**What you should do**.
Report all lines of the records that contain "Tennis".

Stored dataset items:
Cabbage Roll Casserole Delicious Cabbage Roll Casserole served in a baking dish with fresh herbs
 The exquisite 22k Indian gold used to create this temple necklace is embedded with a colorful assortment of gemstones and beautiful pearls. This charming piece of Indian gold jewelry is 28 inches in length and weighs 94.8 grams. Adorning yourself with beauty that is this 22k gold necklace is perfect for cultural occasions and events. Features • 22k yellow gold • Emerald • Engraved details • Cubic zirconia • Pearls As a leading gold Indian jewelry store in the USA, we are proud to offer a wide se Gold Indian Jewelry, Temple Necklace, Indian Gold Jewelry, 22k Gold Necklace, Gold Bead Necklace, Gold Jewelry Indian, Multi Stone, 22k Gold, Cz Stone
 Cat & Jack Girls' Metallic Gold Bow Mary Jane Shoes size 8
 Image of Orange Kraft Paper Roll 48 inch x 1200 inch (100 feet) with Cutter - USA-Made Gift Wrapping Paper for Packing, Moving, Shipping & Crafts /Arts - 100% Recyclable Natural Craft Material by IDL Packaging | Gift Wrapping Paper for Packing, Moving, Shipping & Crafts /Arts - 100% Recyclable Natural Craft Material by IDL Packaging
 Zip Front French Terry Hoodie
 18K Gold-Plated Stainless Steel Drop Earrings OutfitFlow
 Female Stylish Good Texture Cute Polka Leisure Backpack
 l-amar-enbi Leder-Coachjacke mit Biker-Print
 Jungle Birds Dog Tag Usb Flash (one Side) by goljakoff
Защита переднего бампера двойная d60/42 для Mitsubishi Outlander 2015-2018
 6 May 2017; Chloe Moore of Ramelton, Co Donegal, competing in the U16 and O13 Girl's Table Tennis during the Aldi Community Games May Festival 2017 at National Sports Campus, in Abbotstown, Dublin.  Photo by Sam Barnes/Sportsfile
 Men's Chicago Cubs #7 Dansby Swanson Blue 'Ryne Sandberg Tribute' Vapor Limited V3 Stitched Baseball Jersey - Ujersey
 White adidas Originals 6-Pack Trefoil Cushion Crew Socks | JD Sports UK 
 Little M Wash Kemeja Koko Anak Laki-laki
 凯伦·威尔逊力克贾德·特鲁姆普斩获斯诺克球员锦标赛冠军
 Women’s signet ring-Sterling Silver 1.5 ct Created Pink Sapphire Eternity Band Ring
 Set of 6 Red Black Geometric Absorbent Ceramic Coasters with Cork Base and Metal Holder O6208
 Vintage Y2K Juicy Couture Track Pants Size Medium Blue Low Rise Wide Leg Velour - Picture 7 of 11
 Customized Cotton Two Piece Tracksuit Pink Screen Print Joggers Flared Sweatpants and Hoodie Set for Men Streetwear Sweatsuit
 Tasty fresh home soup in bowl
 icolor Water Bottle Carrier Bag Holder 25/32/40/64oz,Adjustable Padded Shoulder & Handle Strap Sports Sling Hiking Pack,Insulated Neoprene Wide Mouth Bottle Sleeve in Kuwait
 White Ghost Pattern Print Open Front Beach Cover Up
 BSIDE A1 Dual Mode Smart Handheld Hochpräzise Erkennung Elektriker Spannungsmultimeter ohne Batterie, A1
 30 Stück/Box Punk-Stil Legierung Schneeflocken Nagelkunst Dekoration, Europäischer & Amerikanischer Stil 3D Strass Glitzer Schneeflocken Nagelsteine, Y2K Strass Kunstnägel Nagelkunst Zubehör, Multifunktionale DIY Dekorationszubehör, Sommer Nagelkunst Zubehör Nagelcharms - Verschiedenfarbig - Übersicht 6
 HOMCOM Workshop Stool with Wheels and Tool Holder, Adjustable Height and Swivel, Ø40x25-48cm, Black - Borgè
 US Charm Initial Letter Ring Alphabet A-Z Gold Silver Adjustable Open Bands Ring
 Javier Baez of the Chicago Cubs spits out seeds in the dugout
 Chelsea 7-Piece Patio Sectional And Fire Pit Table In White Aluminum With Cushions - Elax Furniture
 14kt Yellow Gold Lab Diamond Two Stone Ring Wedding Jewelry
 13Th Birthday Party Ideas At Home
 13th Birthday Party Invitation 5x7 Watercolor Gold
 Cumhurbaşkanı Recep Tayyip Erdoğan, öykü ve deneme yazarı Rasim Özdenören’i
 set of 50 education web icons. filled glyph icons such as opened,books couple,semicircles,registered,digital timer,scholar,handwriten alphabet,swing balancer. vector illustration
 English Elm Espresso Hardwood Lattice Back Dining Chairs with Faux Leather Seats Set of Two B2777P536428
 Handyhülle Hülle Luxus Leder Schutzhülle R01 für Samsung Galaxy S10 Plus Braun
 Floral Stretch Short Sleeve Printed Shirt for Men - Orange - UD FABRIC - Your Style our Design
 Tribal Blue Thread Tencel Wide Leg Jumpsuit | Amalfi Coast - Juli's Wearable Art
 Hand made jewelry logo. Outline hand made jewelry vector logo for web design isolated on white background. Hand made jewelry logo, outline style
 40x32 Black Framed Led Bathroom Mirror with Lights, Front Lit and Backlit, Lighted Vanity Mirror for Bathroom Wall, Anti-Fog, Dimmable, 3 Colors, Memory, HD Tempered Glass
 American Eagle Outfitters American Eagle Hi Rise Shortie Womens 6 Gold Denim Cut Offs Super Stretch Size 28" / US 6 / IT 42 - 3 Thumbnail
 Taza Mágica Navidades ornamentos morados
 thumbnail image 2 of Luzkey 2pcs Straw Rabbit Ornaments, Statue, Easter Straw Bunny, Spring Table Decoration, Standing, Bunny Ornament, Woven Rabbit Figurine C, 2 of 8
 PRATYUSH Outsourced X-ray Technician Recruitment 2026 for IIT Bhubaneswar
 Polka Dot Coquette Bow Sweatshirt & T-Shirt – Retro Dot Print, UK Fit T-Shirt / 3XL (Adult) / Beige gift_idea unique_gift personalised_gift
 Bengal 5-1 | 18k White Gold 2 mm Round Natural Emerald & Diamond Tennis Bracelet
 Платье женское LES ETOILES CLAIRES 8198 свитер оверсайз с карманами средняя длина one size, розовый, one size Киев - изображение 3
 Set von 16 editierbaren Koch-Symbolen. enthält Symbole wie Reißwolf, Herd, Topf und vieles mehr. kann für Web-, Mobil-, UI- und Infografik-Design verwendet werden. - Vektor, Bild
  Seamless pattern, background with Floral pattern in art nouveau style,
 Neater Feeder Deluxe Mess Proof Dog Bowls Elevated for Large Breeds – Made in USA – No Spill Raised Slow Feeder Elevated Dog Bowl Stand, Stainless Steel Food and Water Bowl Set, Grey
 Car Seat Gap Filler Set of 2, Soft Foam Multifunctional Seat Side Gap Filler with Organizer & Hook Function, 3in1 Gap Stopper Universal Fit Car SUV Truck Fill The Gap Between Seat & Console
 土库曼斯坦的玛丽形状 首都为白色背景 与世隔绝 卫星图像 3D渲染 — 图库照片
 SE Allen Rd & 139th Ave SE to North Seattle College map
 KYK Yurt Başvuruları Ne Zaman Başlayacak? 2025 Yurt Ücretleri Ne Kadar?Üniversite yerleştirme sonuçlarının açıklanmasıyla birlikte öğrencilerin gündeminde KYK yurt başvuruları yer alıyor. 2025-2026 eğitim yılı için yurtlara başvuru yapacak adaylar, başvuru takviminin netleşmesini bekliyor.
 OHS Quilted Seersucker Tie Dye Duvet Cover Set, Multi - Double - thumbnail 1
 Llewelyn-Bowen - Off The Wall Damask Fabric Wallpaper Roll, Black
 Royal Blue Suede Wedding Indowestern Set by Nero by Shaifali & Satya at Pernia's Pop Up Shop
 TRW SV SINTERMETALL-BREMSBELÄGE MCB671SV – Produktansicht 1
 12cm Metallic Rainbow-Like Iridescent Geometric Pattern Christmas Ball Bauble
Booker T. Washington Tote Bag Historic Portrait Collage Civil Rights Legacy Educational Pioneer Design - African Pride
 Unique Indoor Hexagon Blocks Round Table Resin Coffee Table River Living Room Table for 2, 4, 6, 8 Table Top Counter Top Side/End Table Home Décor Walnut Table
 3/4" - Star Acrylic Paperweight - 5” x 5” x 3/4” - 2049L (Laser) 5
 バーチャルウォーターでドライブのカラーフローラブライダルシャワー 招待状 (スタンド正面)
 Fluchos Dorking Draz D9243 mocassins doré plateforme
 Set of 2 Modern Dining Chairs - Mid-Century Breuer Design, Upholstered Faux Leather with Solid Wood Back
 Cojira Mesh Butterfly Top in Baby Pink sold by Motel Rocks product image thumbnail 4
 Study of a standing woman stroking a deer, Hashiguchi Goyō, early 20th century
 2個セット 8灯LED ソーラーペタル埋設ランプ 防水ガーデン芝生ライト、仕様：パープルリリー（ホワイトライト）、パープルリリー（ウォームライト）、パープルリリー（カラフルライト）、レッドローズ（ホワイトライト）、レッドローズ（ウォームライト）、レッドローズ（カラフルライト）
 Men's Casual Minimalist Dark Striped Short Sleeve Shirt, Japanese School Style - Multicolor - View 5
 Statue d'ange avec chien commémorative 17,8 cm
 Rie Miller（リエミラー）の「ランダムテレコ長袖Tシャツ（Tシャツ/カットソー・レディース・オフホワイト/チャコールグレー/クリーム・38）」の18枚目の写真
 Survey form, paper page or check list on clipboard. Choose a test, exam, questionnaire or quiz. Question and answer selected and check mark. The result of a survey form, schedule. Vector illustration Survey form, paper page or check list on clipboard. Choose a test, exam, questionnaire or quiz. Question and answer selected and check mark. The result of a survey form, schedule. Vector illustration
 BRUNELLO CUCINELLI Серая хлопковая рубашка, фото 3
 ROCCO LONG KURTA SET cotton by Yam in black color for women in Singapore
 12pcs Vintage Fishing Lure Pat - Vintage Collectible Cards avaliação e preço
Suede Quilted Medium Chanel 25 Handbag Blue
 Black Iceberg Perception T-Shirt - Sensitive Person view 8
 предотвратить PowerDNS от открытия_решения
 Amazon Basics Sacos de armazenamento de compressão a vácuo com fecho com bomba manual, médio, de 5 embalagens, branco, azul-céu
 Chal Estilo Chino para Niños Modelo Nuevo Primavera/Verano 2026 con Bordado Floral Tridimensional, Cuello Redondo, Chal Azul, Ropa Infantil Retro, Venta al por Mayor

**Answer**.
 6 May 2017; Chloe Moore of Ramelton, Co Donegal, competing in the U16 and O13 Girl's Table Tennis during the Aldi Community Games May Festival 2017 at National Sports Campus, in Abbotstown, Dublin.  Photo by Sam Barnes/Sportsfile
 Bengal 5-1 | 18k White Gold 2 mm Round Natural Emerald & Diamond Tennis Bracelet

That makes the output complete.